## EXERCISE OBJECTIVE
Each line below from the one containing "CJ-SET DE BAÑO CORTINA + ALFOMBRA" through the one containing "Moduł TM1638 z" is to be given again exactly, and no line outside that span.

## DATA FOR THIS TASK
^^^^
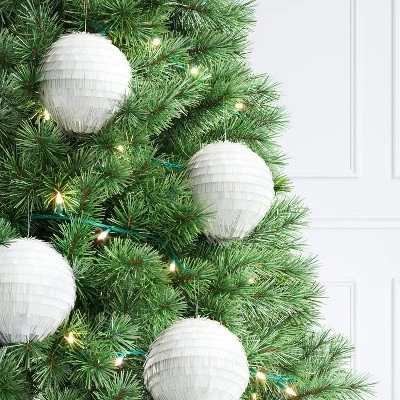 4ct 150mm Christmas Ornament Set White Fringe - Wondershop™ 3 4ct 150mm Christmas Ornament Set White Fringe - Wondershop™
^^^^
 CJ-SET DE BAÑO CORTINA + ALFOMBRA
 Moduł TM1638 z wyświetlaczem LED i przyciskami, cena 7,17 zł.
^^^^
## PROBLEM SOLUTION
 CJ-SET DE BAÑO CORTINA + ALFOMBRA
 Moduł TM1638 z wyświetlaczem LED i przyciskami, cena 7,17 zł.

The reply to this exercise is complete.